There are many awkward decisions that have to be made in the midst of a divorce, but whether or not to go back to your maiden name is a big one. I think there is no right answer and it’s personal for every woman, but I wanted to share my own thinking in how I came to the decision to keep my married name after getting a divorce.

1. My kids wanted me to keep it so we would continue to share the same last name. I’m not of the opinion that kids get to dictate adult decisions, but I’m also one to consider their feelings, and mine had big feelings over this one. In fact, it was the very first question that they asked when I told them we were getting a divorce – even before asking where everyone would live. I knew they were invested in sharing the same last name. Maybe even too invested, to be honest, but for whatever reason they held some familial meaning in that common last name, and felt like me forsaking it was forsaking a tiny piece of them. And while that narrative needs some dismantling, I felt like tending to their feelings on this one was something I could do. There are so many losses inherent in divorce. This didn’t need to be another.

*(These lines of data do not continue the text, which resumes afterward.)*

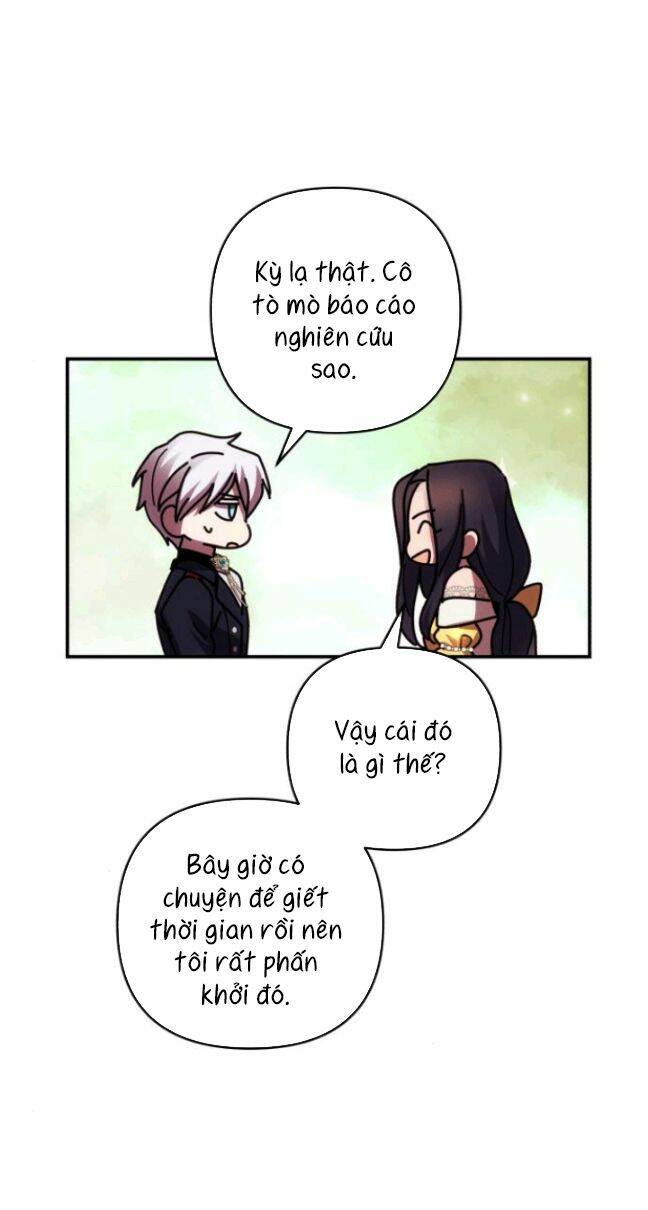 Tôi Sẽ Quyến Rũ Công Tước Phương Bắc Chapter 20 - Trang 2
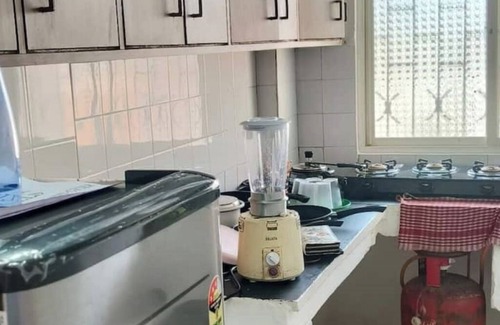 Srinagar Colony Apartment | Nice4 home stay 3BHK Banjarahills Rd 3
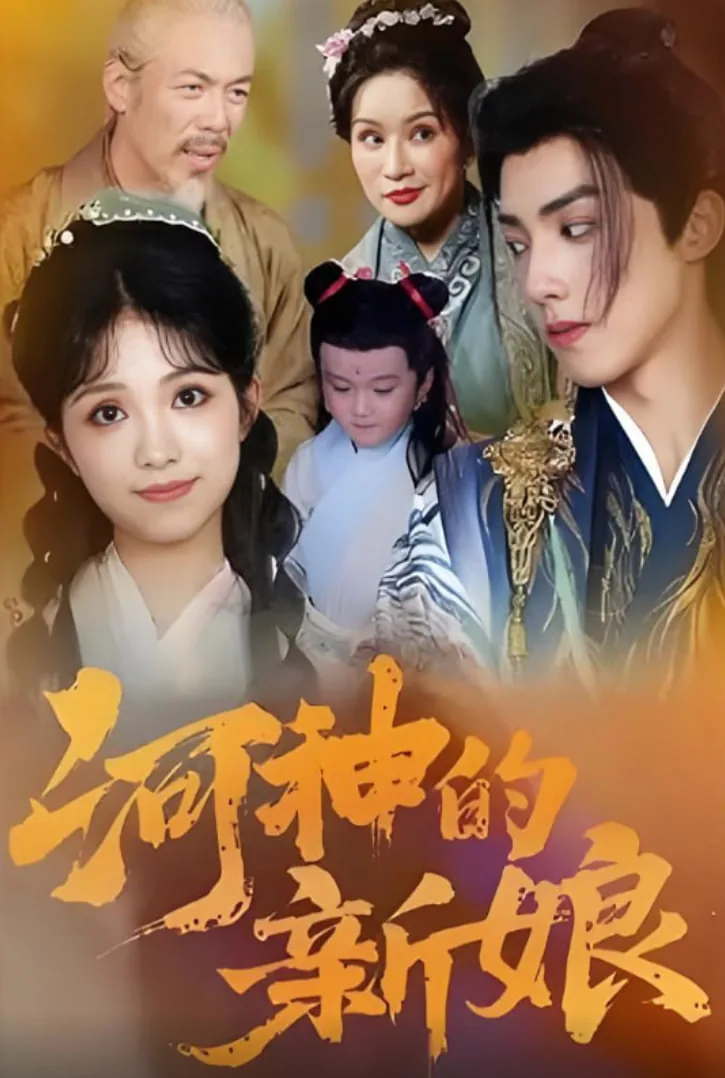 河神的新娘小说by海棠在线看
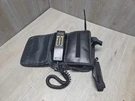 Vintage Uniden CP1500 Mobile Brick Car Cell Phone W/ Case Used (not Tested). Fixed Price $45.00.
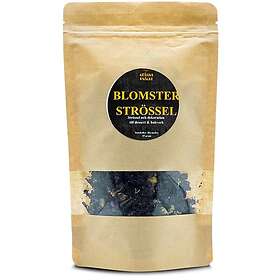 Grännaknäcke Blomsterströssel 25g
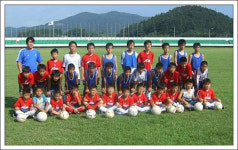 [전남]체육 메카 보성에서 유소년 축구 결승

2. I’ve been a Howerton most of my adult life. I got married while I was still in college. This name has become a part of my identification, just as much as my maiden name ever was. Changing back to the name I had before I was even living on my own didn’t feel like a step of progress. (For me. It might to others and that’s okay.)

3. I have professional identification with my name.  And as a writer/blogger, name recognition is kind of important.

4. It just seemed like a hassle. Changing documents, id’s, licenses, credit cards, bank accounts  . . . all of that felt like too much work for little payoff. Not to mention, every social media handle I own. It was just easier (for me) to keep things as they are.

So, yes. I’m still Kristen Howerton.

I’m curious to hear how other divorced women navigated this issue.